わざと内容を想像させないようにしたかのような邦題がついているけど、原題は「The Abortion: An Historical Romance 1966」、Abortion つまり妊娠中絶なんていう生々しいタイトル。でも中身は、なんといっていいかわからないような、とらえどころのない物語だ。『西瓜糖の日々』同様静けさに包まれているけれど、あそこまでのすごみはない。

本を読む人は誰もこない図書館。来るのは自分の書いた本を預けに来る人ばかり。その人たちの相手をするのが主人公の男性の仕事だ。彼はもう3年も外に出ていない。ある夜本を預けにきた絶世の美女ヴァイダと彼はまたたく間に恋に落ち、二人は一緒に暮らし始める。ヴァイダの妊娠が発覚し、二人は中絶をするためメキシコまで一日がかりの旅をする、といった感じのストーリーだ。

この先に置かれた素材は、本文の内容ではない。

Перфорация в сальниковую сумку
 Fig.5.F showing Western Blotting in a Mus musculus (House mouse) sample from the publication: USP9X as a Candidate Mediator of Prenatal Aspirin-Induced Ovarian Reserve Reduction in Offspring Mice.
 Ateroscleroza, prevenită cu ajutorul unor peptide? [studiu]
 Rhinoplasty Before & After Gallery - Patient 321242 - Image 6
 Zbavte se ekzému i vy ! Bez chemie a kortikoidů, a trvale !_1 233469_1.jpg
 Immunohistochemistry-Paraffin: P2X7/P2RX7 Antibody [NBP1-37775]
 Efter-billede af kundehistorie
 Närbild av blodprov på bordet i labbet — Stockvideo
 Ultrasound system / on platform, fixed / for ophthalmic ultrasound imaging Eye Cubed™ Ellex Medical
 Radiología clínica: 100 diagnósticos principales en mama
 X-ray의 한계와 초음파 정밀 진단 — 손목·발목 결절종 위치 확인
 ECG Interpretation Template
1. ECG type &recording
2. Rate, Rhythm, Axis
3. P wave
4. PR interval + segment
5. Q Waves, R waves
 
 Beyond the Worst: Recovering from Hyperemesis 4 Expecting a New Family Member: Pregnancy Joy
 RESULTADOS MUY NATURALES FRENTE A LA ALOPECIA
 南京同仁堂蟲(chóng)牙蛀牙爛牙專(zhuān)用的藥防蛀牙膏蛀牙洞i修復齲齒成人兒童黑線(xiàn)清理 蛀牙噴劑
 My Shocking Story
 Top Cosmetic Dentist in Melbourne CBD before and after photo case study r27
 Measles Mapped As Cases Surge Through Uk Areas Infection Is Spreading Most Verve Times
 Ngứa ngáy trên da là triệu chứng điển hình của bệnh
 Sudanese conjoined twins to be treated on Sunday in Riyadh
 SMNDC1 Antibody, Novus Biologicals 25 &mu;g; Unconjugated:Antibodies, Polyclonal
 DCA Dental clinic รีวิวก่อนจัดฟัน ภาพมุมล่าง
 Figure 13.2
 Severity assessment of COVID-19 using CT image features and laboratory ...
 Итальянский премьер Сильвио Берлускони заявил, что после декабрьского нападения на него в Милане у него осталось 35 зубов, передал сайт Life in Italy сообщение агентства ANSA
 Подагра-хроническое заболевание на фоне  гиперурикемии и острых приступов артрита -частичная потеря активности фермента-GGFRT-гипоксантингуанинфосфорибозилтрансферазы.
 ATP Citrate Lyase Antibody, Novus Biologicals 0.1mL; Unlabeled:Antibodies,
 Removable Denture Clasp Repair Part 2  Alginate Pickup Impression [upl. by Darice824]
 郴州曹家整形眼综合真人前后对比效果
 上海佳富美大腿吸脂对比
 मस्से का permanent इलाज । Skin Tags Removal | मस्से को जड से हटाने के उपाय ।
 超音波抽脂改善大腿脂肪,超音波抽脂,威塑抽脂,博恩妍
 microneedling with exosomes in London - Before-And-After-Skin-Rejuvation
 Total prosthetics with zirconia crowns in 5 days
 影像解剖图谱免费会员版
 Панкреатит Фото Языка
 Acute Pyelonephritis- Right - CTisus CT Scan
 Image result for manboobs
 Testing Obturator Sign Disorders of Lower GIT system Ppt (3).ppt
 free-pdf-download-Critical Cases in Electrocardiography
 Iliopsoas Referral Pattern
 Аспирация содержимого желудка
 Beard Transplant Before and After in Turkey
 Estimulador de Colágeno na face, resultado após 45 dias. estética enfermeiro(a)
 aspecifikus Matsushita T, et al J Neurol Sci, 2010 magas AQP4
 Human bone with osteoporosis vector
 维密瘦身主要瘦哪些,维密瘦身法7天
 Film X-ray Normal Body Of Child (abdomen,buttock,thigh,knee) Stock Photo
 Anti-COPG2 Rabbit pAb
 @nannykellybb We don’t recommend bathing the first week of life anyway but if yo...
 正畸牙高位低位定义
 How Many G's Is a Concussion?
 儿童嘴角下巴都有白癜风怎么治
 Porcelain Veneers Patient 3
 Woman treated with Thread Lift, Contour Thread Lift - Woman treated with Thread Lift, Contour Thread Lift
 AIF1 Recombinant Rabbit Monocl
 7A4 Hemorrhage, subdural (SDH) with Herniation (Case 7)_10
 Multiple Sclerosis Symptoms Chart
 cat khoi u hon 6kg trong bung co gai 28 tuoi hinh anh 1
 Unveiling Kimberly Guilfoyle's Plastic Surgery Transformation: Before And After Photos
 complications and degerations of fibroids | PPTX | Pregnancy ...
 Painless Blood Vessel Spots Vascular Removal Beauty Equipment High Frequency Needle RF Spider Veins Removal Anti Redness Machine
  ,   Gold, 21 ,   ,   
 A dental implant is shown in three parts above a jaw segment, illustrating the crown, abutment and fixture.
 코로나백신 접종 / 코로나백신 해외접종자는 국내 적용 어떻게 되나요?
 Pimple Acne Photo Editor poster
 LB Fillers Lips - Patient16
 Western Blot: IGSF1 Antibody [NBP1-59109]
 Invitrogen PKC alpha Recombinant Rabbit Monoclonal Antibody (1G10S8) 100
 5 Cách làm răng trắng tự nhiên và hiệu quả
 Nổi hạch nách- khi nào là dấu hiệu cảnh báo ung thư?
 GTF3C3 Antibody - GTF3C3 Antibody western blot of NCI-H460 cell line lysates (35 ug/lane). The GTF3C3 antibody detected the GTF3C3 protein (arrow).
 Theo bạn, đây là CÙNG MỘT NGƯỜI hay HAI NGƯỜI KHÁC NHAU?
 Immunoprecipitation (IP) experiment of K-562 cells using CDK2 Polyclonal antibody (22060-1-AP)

現代日本の視点でみると、ひきこもりの男が女性の力を借りて外に出るという寓話が読み取れなくもないけど、別にそこにドラマがあるわけではない。彼はもとからどこにでもいくことができたのだ。しいていえば原題にある1966という年(たまたまぼくにとっても思い入れのある年でもある)の空気を描いた作品なのかもしれない。物語の最後で図書館から外に出た主人公が、はじめてビートルズの曲をきくシーンがある。そのアルバムが「ラバー・ソウル」なのだ。「Michelle」や「In My Life」などが入っている名盤で、1965年の年末に発売されている。